How Stuart Nash went from suiting up NASA astronaut to resigning as Police Minister in just few hours

Police Minister Stuart Nash has resigned from his post after bragging about calling the Police Commissioner and urging him to appeal a court judgement. 

Prime Minister Chris Hipkins says Nash's actions were unwise and that if he hadn't resigned, he would've been sacked. 

But he's stopped short of removing Nash from Cabinet completely and the Opposition says that's the decision that's unwise. 

Suiting up a NASA astronaut, the highlight of Police Minister Stuart Nash's day. But from there, rather than blast-off, it all went downhill.

As soon as he stepped out of his NASA internship announcement, Nash was hit with questions about whether he'd interfered in a police case. 

"Hell no," he said.

Asked whether he would resign, Nash replied: "That was a fantastic announcement. Why would I resign?"

The problem is that prior to that "fantastic announcement", he went on the radio and bragged about calling up his "mate", the Police Commissioner, to urge him to appeal a court sentence.

"I've seen a couple of judgements and actually one, I phoned up the Police Commissioner and said, surely, you're going to appeal this," Nash said. 

Ministers cannot interfere with the police. They operate with complete independence from the Crown.

It's spelt out in black and white in both the law and the Cabinet Manual.

"Ministers do not comment on or involve themselves in the investigation of offences or the decision as to whether a person should be prosecuted, or on what charge," the manual says.

"They should not comment on the results of particular cases, on matters that are subject to suppression orders, or on any sentence handed down by a court."

When it was put to him that he'd breached the Cabinet Manual, Nash said: "I wasn't the Minister of Police."

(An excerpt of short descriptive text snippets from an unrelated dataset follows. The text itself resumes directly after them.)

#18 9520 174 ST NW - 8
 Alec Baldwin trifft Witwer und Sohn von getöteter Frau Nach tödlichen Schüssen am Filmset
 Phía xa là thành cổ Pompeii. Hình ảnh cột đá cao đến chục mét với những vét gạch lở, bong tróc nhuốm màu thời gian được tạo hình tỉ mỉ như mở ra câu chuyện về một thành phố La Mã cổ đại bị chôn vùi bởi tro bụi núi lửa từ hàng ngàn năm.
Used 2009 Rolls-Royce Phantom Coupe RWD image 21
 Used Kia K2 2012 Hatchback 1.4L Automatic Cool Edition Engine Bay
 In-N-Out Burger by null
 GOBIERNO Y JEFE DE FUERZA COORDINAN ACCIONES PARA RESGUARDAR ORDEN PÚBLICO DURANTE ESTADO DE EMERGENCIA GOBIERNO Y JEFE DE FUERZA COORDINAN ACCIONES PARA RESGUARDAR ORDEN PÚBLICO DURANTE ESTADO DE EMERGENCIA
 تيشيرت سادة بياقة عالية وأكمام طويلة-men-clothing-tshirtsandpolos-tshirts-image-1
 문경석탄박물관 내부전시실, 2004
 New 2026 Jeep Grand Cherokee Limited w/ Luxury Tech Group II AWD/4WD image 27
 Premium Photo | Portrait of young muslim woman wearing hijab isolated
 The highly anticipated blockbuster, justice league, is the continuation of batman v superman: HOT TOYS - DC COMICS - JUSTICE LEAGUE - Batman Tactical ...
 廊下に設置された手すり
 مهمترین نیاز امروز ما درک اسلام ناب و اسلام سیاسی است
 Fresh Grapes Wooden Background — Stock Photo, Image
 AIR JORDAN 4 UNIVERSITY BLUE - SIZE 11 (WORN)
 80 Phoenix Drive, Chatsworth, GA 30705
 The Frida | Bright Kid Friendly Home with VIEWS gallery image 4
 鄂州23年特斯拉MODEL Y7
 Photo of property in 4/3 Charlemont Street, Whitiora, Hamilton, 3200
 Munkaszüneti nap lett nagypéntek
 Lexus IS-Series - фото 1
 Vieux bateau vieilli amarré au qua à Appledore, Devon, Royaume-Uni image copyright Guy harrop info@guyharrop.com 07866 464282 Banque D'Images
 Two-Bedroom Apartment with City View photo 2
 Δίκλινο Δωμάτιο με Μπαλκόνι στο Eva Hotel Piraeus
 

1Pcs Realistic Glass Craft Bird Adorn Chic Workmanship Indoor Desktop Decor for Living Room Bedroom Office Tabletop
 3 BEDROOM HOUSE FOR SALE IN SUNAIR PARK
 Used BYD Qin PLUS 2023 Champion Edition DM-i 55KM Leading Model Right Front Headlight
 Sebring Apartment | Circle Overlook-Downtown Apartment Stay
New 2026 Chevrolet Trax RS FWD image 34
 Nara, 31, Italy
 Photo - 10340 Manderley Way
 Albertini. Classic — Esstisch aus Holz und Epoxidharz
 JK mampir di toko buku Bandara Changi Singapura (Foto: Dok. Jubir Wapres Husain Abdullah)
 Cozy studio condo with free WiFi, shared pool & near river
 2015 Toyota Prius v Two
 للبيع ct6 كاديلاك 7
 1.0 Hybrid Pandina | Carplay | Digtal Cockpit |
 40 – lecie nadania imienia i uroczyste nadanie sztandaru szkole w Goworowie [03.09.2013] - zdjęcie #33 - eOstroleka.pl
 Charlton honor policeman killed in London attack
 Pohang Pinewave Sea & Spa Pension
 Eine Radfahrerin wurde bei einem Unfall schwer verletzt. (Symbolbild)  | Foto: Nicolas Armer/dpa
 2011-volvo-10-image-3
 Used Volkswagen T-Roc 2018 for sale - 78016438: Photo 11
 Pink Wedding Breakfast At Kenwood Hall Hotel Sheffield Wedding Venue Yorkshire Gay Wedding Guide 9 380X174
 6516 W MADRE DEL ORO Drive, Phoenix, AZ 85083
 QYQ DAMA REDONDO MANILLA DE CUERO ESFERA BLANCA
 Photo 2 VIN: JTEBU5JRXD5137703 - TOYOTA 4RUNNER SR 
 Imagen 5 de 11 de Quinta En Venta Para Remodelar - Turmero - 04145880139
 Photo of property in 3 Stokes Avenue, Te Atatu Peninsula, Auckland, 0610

"I was chewing the fat with a guy who was a mate about a decision that I thought was very bad in the circumstances that I had been involved in when I was the Minister of Police and buying back firearms and I'm going to leave it at that." 

Nash was the Police Minister who banned semi-automatic guns after the March 15 mosque attacks. He lost the portfolio in 2020, becoming Tourism Minister, but recently regained it.

He denied he interfered in police matters. Nash also denied saying he had told Coster, "surely, you're going to appeal this". 

The Prime Minister did not see it that way and Nash was gone by lunchtime.

"I think it demonstrated a serious error of judgement. That is why I have accepted his resignation from the police portfolio."

In the Prime Minister's eyes, Nash only had one fate: goodbye. 

"Had he not offered his resignation, then I would have removed him from the role."

Newshub understands Nash was referring to the case of a Southland man who was found with a banned AR-15 under his mattress.

The man lost his gun licence in 2017, but didn't hand in his guns as required. He also failed to surrender them in the gun buyback scheme.

In 2021, police found an AR-15, a 12 gauge shotgun, two AR-15 magazines, two Ruger magazines and thousands of rounds of ammunition at his house. 

It's understood the man received a sentence of community detention.

"I think it was a terrible decision and I stand by that comment," Nash said on Wednesday. 

Asked what  Nash said as an explanation for his actions, Hipkins said: "He hasn't offered one and I haven't asked for one. I believe that it was a serious error of judgement."

The Prime Minister said he understands there was no appeal from police in the end.

"Minister Nash's representations had no bearing on the Commissioner's decisions or the police's decisions."

Nash is keeping his other ministerial portfolios Economic Development, Forestry and Fisheries, but the Opposition wants him sacked completely.

"He has misused his power as a minister and is no longer fit to hold that office," said National deputy leader Nicola Willis. 

"He interfered, he boasted about it, he won't apologise. That's three strikes, he should be out," said ACT's David Seymour. 

Asked whether Nash should have known better given he's been Police Minister before, Hipkins said: "I think he has demonstrated an error of judgement here, a serious error of judgement and he has certainly paid a consequence for that, the fact he's no longer the Minister of Police."

Nash, no longer fit to be the Minister of Police.